Extensions are optional additions to the base library type which give additional information about the type of experiment that was performed.

One or more extensions can be specified as part of the library type, by appending them using a plus symbol (+). For example:

scRNA-seq+CSP indicates single cell RNA-seq (gene expression) performed with cell surface proteins;
Immune Profiling+CSP+VDJ indicates single cell immune profiling with both cell surface proteins and V(D)J.

Running the setup_analysis_dirs command will automatically transfer these values into the single cell project metadata on creation.

Additionally for certain types of data, setup_analysis_dirs will also create template control files for use in subsequent QC runs:

Single cell multiome: a template 10x_multiome_libraries.info file, which should be renamed and populated in order to link each ATAC (or GEX) sample to the complementary GEX (or ATAC) sample.

CellPlex and Flex: a template 10x_multi_config.csv file, which should be copied, renamed and appropriately edited for each physical sample in the dataset.

Single Cell immune profiling: a template 10x_multi_config.csv file, which should be copied, renamed and appropriately edited for each physical sample in the dataset.

For the 10x_multi_config.csv the extensions will determine the form of the template (so that only the necessary elements are included).

The run_qc command will then determine the appropriate QC protocol to use based on the metadata values.

Troubleshooting

Single-library analyses fail for low read counts

It has been observed that when the Fastq files produced by the mkfastq command have very low read counts then the single-library analyses may fail, with cellranger count reporting an error of the form e.g.:

Could not auto-detect Single Cell 3' chemistry. Fraction of barcodes
on whitelist was at best 0.23%, while we expected at least 10.00% for
one of the chemistries.

There is currently no workaround for this issue.

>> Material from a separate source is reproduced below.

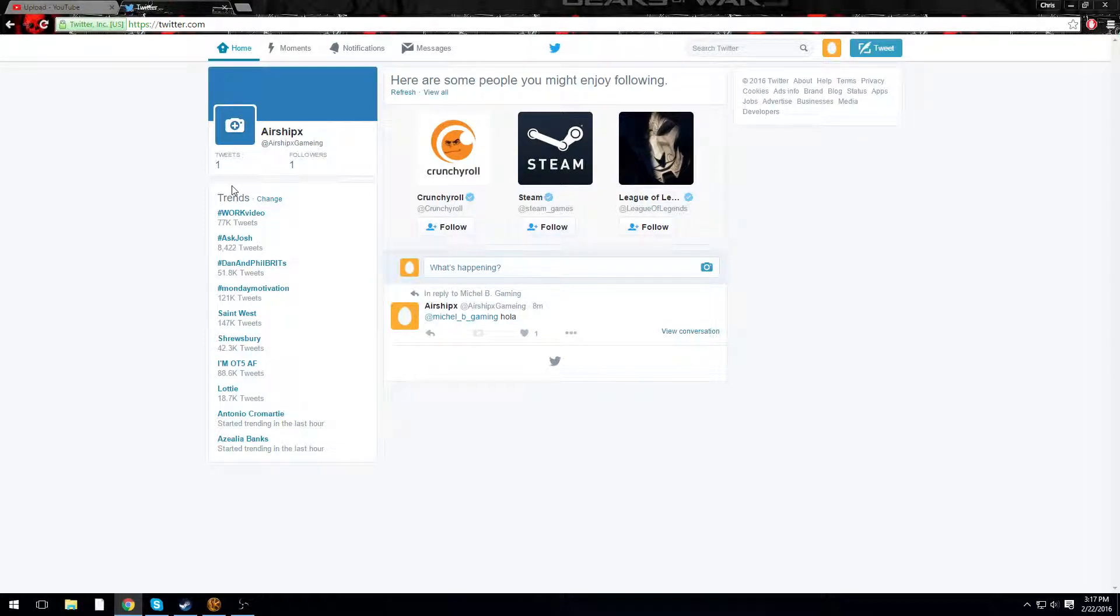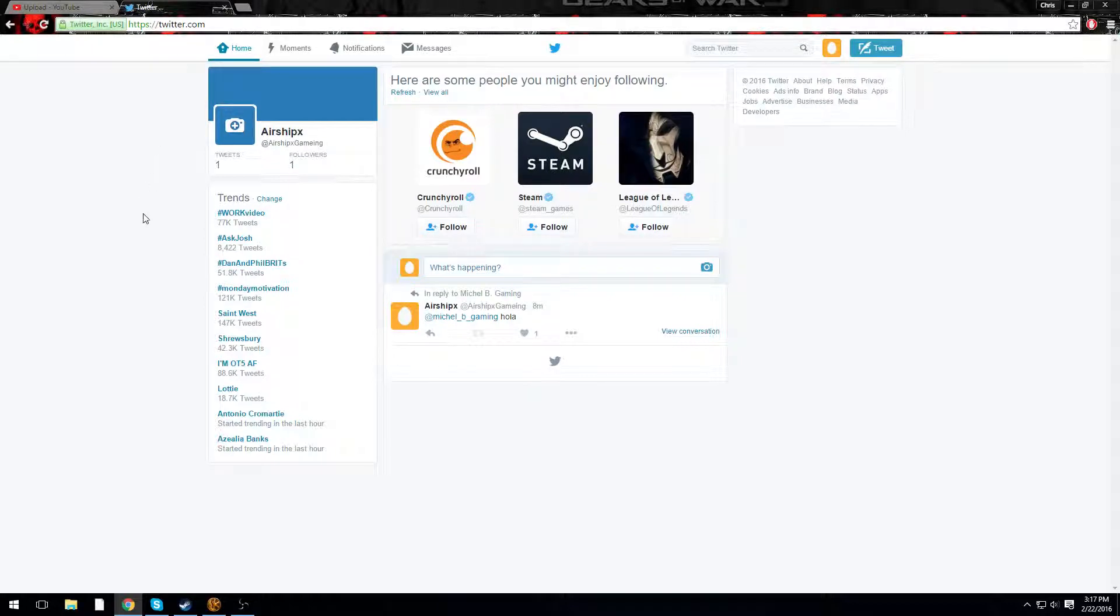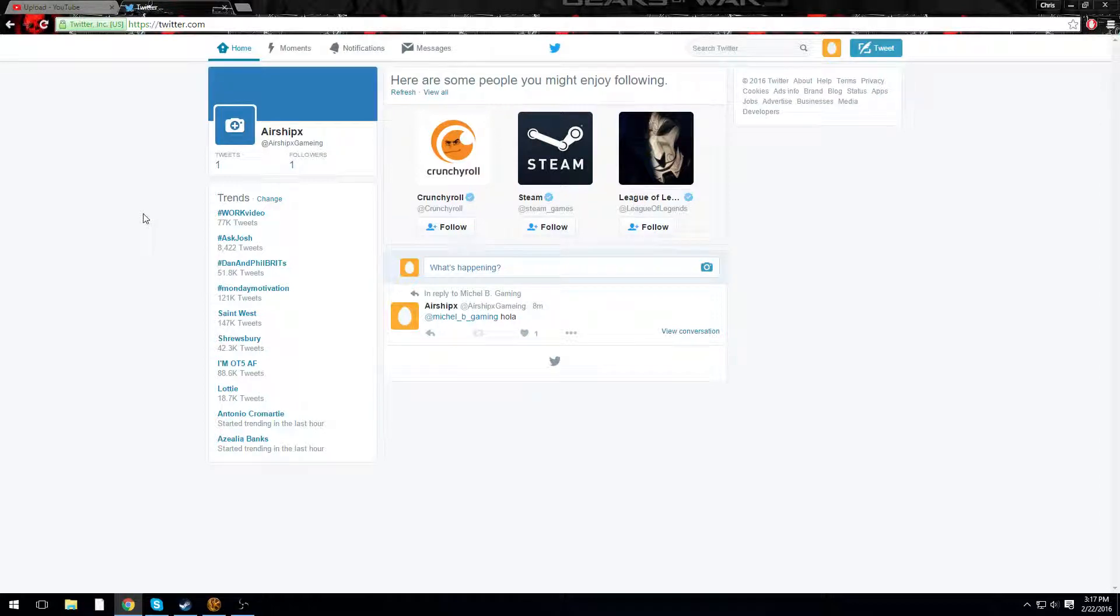Anyway, this is Airship Packs. I'm telling you, do whatever you want, go do whatever you feel like, and I will see all you dudes whenever you decide to subscribe, like, or tweet at me. Later!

Single-library analyses fail to detect chemistry automatically

By default cellranger count attempts to determine the chemistry used automatically, however this may fail if a low number of reads map to the reference genome and give an error of the form:

The chemistry was unable to be automatically determined. This can
happen if not enough reads originate from the given reference. Please
verify your choice of reference or explicitly specify the chemistry
via the --chemistry argument.

If the reference data being used is correct then use the --chemistry option to specify the appropriate assay configuration - see https://support.10xgenomics.com/single-cell-gene-expression/software/pipelines/latest/using/count

Appendices

Manual QC steps for single cell immune profiling data

Currently a full automated QC protocol is not available for Chromium 5’ single cell immune profiling: specifically, there is no provision for running Cellranger’s multi pipeline for each sample, or for automatically integrating the resulting outputs into the QC report.

It is possible to run the multi pipeline manually for each sample, using the sample-specific 10x_multi_config.<SAMPLE>.csv files.

For example, a script of the form:

#!/usr/bin/bash
#$ -N cellranger_multi_PJB01
#$ -V
#$ -cwd
#$ -j y
#$ -pe smp.pe 16
#$ -l mem256
mkdir -p cellranger_multi && cd cellranger_multi
/PATH/TO/cellranger multi \
--id PJB01 --csv PATH/TO/10x_multi_config.PJB01.csv \
--jobmode=local \
--localcores=16 \
--localmem=128 \
--maxjobs=24 \
--jobinterval=100

could be used to submit a Cellranger multi job for the PJB01 sample, with the outputs being created in a subdirectory cellranger_multi/PJB01 in the current directory.

To include the outputs in the QC report, copy the relevant files (specifically the web_summary.html files for each sample) into the QC directory and then create an extra_outputs.tsv which references these (as described in Including external (non-pipeline) outputs).

For example:

cellranger_multi/PJB01/web_summary.html    CellRanger multi output for PJB01

Rerunning run_qc will force update of the QC report which should then also link in these additional reports.